Maar vandaag eren we niet zulke helden. We eren vandaag helden gemaakt van mens. Zúlke helden herken je niet altijd aan hun uniform, en ze verschijnen ook niet op tv. Maar ze zijn er wel degelijk. En het mooie is, zúlke helden zijn de enige helden wiens daden nauwelijks aan inflatie onderhevig zijn, die niet door de geschiedenis ingehaald worden.

U hoorde net over Melvin Mulder, Henkjan Strieker en de Rob Geurtsen, die bij de Amsterdamse Groenburgwal de gracht insprongen om de inzittenden van een te water geraakte auto te bevrijden. En vandaag hoorden u ook over de broers Bjorn en Yannick van der Putten, en hun stiefvader, Marcel Eijkhout, zij zijn zojuist voor hun onbaatzuchtige inzet onderscheiden.

Samen met Joop Weeren, die hier vandaag ook is, wisten zij een brand in de keuken van de buren te blussen. De broers Van der Putten door de tuinslang op de brand te zetten, Joop Weeren deed dat door naar binnen te gaan en de gaskraan dicht te draaien.

Op het moment dat de brandweer er was, kon de inwoner van het vol rook staande huis veilig naar buiten worden gebracht. U allen heeft waarschijnlijk geen moment nagedacht over uw eigen veiligheid toen u in de bres sprong voor het leven van een ander. Dat maakt u elk tot een held.

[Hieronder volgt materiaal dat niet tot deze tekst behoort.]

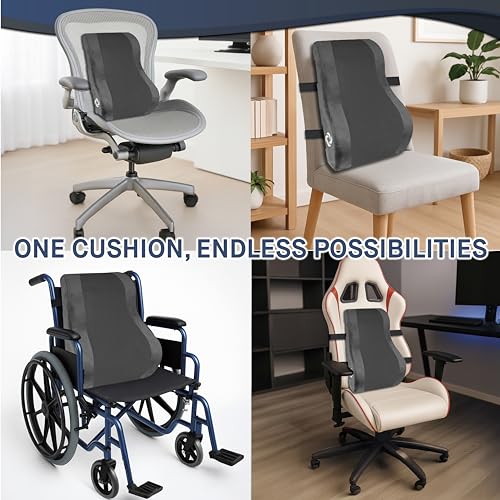 Samsonite Ergonomic Lumbar Support Pillow for Office Chair and Car Seat - Memory Foam Back Support Lumbar Pillow, Premium Cushion Chair Support for Lower Back Pain Relief and Versatile Use (Gray)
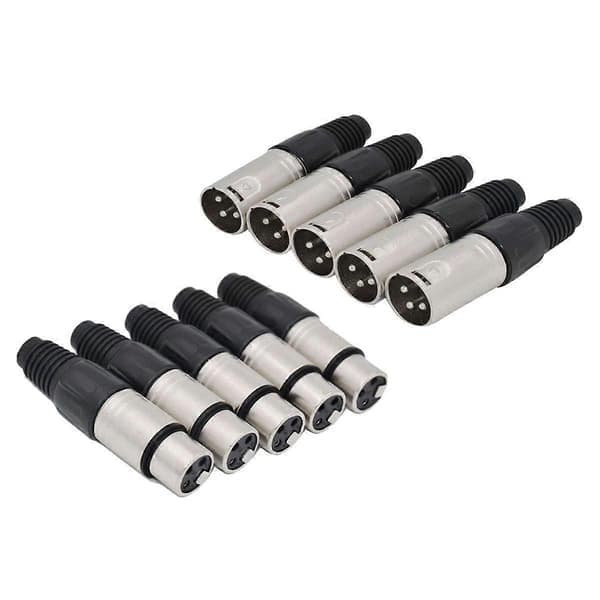 10x 3-bens XLR loddetype 5 han + 5 hun stik kabelstik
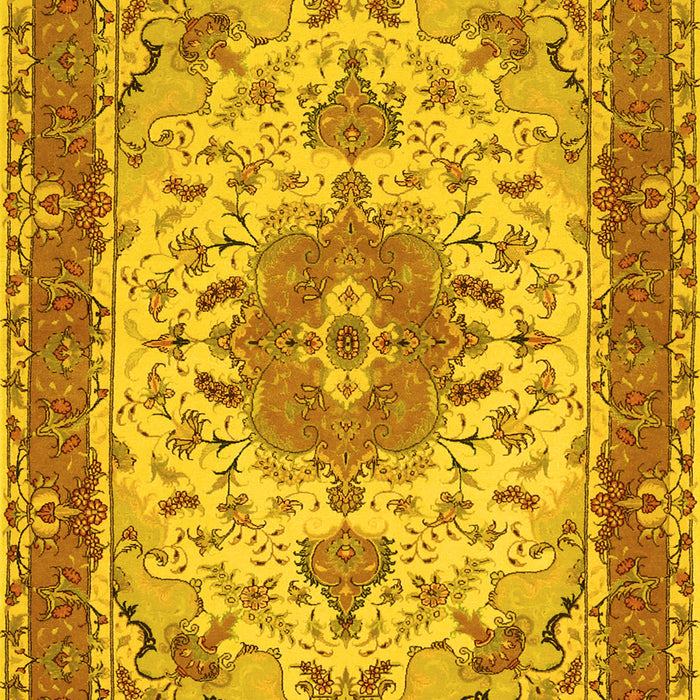 Machine Washable Persian Yellow Traditional Rug, wshtr940yw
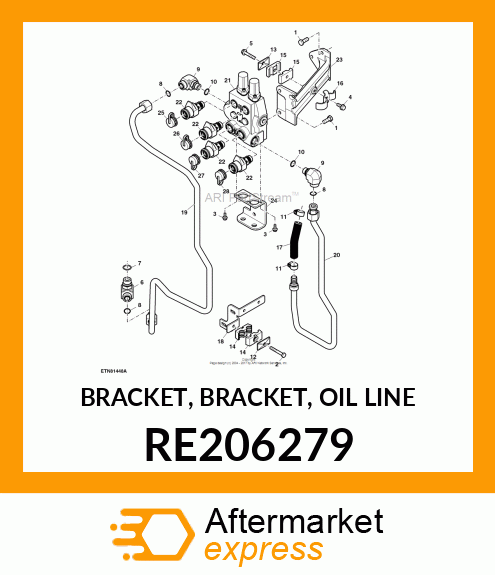 BRACKET, BRACKET, OIL LINE RE206279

En vandaag eren we niet alleen de gebroeders Van der Putten en de heer Eijkhout. Ook uw daad, meneer Weeren, is niet onopgemerkt gebleven.

Meneer Weeren, wilt u even bij me komen staan.

Het heeft Zijne Majesteit de Koning behaagt u de erepenning voor Menslievend Hulpbetoon in brons te verlenen. Ik zal u nu de bijbehorende versierselen opspelden.